ENTRIES SHOWN:
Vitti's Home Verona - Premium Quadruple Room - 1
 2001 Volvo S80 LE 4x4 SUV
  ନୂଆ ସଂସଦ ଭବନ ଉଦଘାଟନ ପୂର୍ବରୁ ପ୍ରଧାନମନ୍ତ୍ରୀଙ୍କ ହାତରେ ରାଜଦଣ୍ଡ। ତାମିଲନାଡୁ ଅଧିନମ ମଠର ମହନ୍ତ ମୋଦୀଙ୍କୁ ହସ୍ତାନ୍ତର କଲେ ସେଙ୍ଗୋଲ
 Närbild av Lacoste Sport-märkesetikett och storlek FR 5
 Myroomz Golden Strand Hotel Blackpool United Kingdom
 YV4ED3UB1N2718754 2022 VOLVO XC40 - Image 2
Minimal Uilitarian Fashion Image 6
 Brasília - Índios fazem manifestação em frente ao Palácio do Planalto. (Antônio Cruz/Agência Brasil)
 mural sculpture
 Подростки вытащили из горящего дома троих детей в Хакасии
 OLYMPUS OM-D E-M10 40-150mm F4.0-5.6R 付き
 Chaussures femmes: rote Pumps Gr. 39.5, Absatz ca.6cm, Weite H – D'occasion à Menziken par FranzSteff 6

ACTIVITY:
Transcribe the listing above line for line, from the first line to the line containing "YV4ED3UB1N2718754 2022 VOLVO XC40 - Image 2", inclusive, with no other lines.

ANSWER BOX:
Vitti's Home Verona - Premium Quadruple Room - 1
 2001 Volvo S80 LE 4x4 SUV
  ନୂଆ ସଂସଦ ଭବନ ଉଦଘାଟନ ପୂର୍ବରୁ ପ୍ରଧାନମନ୍ତ୍ରୀଙ୍କ ହାତରେ ରାଜଦଣ୍ଡ। ତାମିଲନାଡୁ ଅଧିନମ ମଠର ମହନ୍ତ ମୋଦୀଙ୍କୁ ହସ୍ତାନ୍ତର କଲେ ସେଙ୍ଗୋଲ
 Närbild av Lacoste Sport-märkesetikett och storlek FR 5
 Myroomz Golden Strand Hotel Blackpool United Kingdom
 YV4ED3UB1N2718754 2022 VOLVO XC40 - Image 2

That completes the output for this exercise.